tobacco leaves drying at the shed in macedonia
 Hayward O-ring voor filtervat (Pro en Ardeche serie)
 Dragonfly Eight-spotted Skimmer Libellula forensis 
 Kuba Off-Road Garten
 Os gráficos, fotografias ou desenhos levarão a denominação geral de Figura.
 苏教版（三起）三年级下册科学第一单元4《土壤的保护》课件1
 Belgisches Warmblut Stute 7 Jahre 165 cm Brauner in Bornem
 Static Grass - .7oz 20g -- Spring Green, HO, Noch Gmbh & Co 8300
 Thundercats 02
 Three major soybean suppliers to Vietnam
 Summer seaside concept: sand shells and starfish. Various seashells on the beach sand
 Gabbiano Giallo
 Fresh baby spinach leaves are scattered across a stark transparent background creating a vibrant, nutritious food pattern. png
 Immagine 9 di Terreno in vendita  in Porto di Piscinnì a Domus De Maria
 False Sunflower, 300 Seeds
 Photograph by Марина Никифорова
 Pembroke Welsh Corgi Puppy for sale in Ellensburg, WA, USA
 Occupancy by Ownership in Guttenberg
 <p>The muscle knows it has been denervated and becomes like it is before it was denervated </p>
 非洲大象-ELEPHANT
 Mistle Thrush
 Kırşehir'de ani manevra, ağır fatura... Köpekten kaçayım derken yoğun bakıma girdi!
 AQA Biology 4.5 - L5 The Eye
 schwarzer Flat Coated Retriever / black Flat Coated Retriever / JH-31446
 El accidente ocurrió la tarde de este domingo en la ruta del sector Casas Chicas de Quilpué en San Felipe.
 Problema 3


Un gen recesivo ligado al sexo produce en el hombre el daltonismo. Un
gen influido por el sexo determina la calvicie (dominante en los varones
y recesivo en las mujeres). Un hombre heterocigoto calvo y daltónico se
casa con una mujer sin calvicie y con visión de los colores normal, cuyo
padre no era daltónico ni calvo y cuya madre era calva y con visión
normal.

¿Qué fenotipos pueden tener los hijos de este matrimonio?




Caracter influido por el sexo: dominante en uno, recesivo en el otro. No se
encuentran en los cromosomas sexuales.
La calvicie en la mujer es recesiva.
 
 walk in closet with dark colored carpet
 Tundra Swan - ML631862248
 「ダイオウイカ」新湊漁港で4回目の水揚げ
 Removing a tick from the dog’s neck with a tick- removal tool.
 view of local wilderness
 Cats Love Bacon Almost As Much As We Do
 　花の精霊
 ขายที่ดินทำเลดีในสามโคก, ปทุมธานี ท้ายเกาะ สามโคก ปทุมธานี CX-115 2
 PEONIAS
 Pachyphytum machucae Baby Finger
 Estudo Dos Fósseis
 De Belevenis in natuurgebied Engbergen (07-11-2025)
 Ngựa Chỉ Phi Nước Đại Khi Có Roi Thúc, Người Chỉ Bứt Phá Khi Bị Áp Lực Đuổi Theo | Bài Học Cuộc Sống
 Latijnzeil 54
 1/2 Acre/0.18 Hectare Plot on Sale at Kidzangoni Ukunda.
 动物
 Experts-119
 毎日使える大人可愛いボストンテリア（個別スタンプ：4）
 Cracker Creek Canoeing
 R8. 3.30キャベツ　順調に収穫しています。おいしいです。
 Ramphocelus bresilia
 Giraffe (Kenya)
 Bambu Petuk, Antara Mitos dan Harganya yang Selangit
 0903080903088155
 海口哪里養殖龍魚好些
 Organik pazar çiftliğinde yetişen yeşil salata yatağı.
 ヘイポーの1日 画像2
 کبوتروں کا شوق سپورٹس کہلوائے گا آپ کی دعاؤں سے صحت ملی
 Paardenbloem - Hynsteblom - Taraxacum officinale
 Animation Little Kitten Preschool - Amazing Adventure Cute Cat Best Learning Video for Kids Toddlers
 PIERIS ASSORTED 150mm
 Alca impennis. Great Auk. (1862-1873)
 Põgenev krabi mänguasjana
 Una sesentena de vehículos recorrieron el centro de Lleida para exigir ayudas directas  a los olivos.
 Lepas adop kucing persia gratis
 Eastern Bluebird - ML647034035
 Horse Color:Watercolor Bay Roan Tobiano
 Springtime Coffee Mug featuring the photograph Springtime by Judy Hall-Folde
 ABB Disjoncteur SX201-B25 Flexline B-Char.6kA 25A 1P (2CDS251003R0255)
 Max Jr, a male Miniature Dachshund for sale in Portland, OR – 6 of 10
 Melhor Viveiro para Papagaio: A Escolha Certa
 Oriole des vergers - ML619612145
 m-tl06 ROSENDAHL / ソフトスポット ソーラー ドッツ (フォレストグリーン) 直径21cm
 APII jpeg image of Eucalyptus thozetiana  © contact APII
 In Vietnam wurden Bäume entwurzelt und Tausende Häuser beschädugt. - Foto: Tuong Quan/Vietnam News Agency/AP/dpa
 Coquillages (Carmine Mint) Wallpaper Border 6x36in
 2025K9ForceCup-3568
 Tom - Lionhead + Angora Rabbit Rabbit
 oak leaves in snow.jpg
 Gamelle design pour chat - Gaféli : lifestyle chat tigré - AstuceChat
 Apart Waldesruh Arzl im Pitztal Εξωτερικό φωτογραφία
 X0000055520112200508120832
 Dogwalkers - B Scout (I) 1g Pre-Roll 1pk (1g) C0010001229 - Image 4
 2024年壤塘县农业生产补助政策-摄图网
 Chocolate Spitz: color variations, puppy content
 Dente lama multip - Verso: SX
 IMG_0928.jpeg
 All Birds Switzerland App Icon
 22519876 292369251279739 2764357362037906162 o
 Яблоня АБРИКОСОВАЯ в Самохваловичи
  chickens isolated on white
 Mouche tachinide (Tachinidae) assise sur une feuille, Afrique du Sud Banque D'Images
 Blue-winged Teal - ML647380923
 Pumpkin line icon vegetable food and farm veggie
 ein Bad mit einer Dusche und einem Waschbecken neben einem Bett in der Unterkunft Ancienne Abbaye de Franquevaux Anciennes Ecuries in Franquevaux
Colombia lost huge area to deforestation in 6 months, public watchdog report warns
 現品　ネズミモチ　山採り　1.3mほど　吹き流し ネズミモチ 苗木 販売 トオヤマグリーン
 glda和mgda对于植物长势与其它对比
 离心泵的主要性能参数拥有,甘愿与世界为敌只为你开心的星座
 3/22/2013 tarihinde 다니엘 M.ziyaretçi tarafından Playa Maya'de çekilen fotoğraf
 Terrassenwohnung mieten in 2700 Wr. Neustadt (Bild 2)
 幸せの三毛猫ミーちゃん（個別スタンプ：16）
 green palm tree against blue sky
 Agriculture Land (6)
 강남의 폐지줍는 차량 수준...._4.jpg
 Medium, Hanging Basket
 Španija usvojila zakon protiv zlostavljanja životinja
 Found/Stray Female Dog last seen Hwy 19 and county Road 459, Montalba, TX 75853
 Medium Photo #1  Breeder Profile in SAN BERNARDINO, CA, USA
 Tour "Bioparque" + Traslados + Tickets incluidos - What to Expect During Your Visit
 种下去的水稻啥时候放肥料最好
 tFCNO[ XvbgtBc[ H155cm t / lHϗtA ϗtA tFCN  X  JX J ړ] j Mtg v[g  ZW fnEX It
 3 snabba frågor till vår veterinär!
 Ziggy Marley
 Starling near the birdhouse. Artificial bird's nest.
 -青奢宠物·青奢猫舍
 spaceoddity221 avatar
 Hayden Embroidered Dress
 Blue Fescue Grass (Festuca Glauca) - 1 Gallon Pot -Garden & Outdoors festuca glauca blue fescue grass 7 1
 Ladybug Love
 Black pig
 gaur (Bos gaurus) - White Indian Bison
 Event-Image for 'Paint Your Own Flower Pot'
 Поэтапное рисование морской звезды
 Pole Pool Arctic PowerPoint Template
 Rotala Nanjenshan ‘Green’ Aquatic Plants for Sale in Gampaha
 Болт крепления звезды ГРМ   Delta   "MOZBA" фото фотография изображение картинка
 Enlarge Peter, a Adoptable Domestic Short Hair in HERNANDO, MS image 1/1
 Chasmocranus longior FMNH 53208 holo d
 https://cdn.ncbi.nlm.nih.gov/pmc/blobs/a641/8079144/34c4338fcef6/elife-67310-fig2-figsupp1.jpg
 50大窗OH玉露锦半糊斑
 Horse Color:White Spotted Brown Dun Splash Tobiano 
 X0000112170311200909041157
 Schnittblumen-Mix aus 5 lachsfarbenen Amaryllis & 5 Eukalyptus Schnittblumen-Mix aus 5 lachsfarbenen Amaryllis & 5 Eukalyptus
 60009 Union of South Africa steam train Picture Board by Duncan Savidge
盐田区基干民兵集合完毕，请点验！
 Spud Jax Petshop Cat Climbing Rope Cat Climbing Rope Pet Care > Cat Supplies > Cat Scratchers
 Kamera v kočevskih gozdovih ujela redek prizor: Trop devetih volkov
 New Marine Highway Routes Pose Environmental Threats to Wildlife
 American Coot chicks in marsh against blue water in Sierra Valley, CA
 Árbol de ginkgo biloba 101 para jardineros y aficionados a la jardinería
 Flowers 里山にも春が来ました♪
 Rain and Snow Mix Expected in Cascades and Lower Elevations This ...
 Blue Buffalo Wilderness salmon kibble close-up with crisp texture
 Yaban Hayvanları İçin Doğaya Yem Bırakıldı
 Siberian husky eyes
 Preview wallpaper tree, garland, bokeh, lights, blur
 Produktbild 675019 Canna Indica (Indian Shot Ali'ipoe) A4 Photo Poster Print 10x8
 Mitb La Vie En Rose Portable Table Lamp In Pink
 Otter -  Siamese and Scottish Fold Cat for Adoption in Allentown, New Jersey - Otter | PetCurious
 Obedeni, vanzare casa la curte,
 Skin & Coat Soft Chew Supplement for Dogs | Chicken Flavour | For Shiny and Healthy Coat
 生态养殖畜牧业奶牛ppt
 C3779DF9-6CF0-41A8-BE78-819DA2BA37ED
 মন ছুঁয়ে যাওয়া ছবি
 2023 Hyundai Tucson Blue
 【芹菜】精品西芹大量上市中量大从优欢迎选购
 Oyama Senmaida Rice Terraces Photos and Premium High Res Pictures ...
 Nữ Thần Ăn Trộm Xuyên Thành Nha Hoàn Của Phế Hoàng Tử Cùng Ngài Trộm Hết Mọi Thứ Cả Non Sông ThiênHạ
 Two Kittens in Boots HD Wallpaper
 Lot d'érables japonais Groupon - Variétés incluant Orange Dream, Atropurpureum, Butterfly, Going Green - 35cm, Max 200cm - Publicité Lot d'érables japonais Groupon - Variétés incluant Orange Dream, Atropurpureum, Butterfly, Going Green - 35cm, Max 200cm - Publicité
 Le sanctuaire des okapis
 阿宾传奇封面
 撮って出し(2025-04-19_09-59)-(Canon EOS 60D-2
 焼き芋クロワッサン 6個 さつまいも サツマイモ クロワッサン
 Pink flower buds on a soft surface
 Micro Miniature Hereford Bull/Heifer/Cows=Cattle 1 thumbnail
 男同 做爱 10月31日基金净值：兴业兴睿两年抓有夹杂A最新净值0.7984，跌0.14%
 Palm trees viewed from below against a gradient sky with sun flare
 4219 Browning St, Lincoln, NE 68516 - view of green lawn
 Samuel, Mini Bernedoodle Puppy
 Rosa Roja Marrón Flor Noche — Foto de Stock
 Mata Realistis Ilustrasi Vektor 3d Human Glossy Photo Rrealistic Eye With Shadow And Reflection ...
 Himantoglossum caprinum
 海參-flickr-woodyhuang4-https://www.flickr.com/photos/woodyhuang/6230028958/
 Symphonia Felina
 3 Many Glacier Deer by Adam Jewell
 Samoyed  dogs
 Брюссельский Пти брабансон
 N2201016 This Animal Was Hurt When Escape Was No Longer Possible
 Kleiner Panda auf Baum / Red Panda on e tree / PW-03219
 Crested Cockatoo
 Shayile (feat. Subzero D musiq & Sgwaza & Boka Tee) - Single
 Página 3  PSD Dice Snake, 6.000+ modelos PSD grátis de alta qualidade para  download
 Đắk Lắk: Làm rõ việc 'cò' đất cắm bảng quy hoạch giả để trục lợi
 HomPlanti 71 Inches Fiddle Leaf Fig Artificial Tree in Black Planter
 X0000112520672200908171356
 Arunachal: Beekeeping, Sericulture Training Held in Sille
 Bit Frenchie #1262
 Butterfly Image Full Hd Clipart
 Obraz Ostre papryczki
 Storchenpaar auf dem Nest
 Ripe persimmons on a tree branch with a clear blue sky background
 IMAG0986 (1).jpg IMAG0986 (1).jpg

****

» What is being asked
Only one stretch of the entries above is wanted: the lines from the one containing "海參-flickr-wood" through the one containing "N2201016 This Animal". Please reproduce it exactly.

» Answer for this exercise
 海參-flickr-woodyhuang4-https://www.flickr.com/photos/woodyhuang/6230028958/
 Symphonia Felina
 3 Many Glacier Deer by Adam Jewell
 Samoyed  dogs
 Брюссельский Пти брабансон
 N2201016 This Animal Was Hurt When Escape Was No Longer Possible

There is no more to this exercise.